The minimum working policy for the execution role:
{
"Version": "2012-10-17",
"Statement": [
{
"Sid": "S3DataAccess",
"Effect": "Allow",
"Action": [
"s3:GetObject",
"s3:PutObject",
"s3:ListBucket"
],
"Resource": [
"arn:aws:s3:::your-ml-bucket",
"arn:aws:s3:::your-ml-bucket/*"
]
},
{
"Sid": "ECRImagePull",
"Effect": "Allow",
"Action": [
"ecr:GetDownloadUrlForLayer",
"ecr:BatchGetImage",
"ecr:BatchCheckLayerAvailability",
"ecr:GetAuthorizationToken"
],
"Resource": "*"
},
{
"Sid": "CloudWatchLogs",
"Effect": "Allow",
"Action": [
"logs:CreateLogGroup",
"logs:CreateLogStream",
"logs:PutLogEvents"
],
"Resource": "arn:aws:logs:*:*:log-group:/aws/sagemaker/*"
}
]
}
Note: ecr:GetAuthorizationToken has no resource-level permission — it must use "Resource": "*". That’s an AWS constraint, not laziness.
The trust policy mistake that breaks jobs silently
The execution role needs a trust relationship with the SageMaker service. Without it, the PassRole call from your user role will succeed, but the actual job will fail with a cryptic permissions error.
{
"Version": "2012-10-17",
"Statement": [
{
"Effect": "Allow",
"Principal": {
"Service": "sagemaker.amazonaws.com"
},
"Action": "sts:AssumeRole"
}
]
}
This is the trust policy on the execution role — not on your user role. Easy to mix up, especially when you’re new to AWS.
Why scope matters beyond the obvious
s3:* on * means your training job can read any bucket in the account, including production databases, user uploads, or another team’s confidential datasets. A misconfigured training script, or a compromised container image, has broad blast radius.

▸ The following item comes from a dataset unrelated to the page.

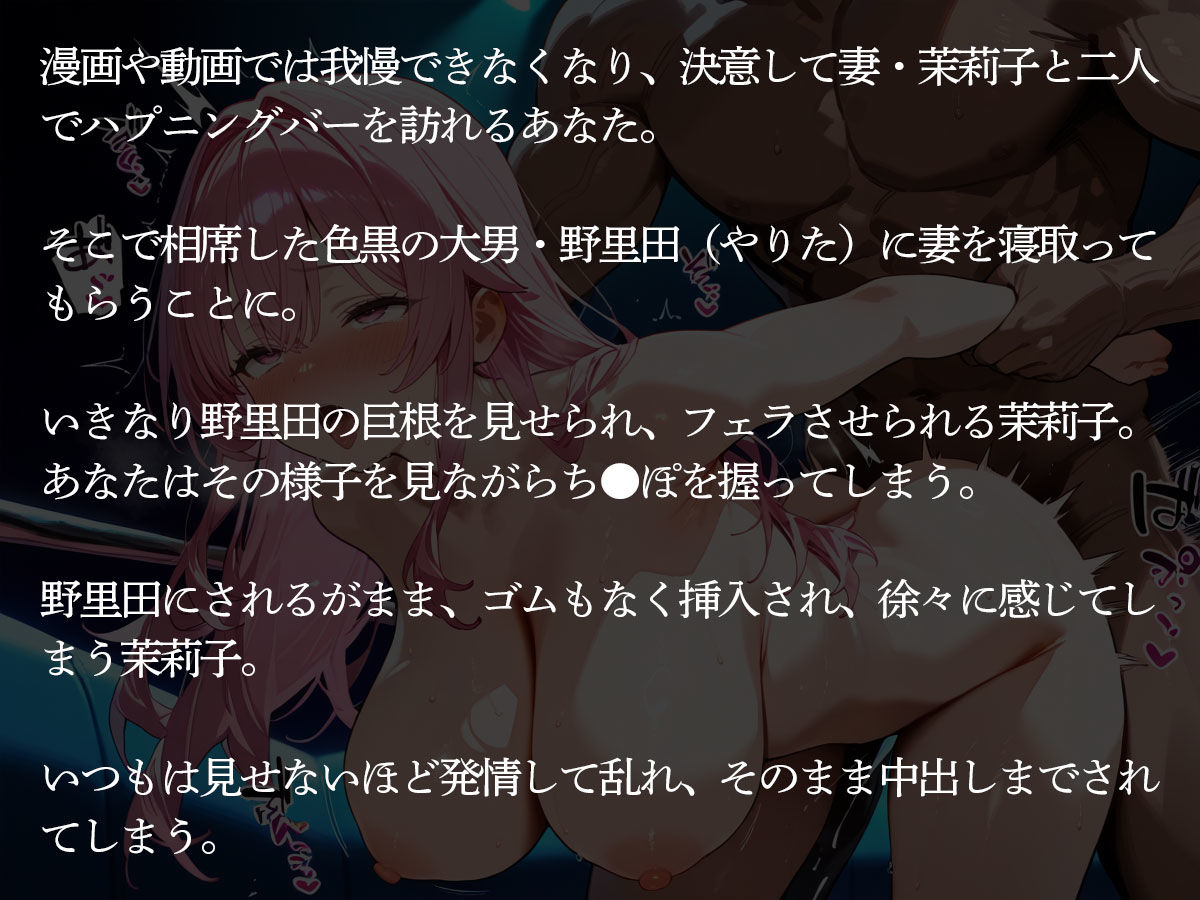 【NTR】ハプニングバーで妻を寝取られる横で夫がシコる歪んだ夫婦 サンプル画像2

Scoping to a specific bucket prefix (your-ml-bucket/experiments/*) means a compromised job can only touch experiment data. That’s the point of least-privilege.
End project: Terraform module for a SageMaker execution role
Here’s a minimal but production-ready Terraform module. Drop this in modules/sagemaker-execution-role/.
main.tf:
variable "bucket_name" {
description = "S3 bucket the SageMaker jobs will read/write"
type = string
}
variable "role_name" {
description = "Name of the IAM execution role"
type = string
default = "sagemaker-execution-role"
}
resource "aws_iam_role" "sagemaker_execution" {
name = var.role_name
assume_role_policy = jsonencode({
Version = "2012-10-17"
Statement = [{
Effect = "Allow"
Principal = { Service = "sagemaker.amazonaws.com" }
Action = "sts:AssumeRole"
}]
})
}
resource "aws_iam_role_policy" "sagemaker_least_privilege" {
name = "sagemaker-least-privilege"
role = aws_iam_role.sagemaker_execution.id
policy = jsonencode({
Version = "2012-10-17"
Statement = [
{
Sid = "S3DataAccess"
Effect = "Allow"
Action = ["s3:GetObject", "s3:PutObject", "s3:ListBucket"]
Resource = [
"arn:aws:s3:::${var.bucket_name}",
"arn:aws:s3:::${var.bucket_name}/*"
]
},
{
Sid = "ECRImagePull"
Effect = "Allow"
Action = [
"ecr:GetDownloadUrlForLayer",
"ecr:BatchGetImage",
"ecr:BatchCheckLayerAvailability",
"ecr:GetAuthorizationToken"
]
Resource = "*"
},
{
Sid = "CloudWatchLogs"
Effect = "Allow"
Action = [
"logs:CreateLogGroup",
"logs:CreateLogStream",
"logs:PutLogEvents"
]
Resource = "arn:aws:logs:*:*:log-group:/aws/sagemaker/*"
}
]
})
}
output "role_arn" {
value = aws_iam_role.sagemaker_execution.arn
}
Call it from your root module:
module "sagemaker_role" {
source = "./modules/sagemaker-execution-role"
bucket_name = "my-ml-training-data"
role_name = "my-project-sagemaker-role"
}
Then use module.sagemaker_role.role_arn as the role_arn in your sagemaker.Estimator() call or in the SageMaker Console.
Run terraform plan and verify it creates exactly one role and one inline policy — no managed policies, no wildcards on S3. If the training job fails, check CloudWatch under /aws/sagemaker/TrainingJobs. The error will tell you exactly which permission is missing.
This is the kind of thing you document in your project README and walk through in interviews. IAM isn’t glamorous, but engineers who understand it stand out from those who just copy-paste AdministratorAccess.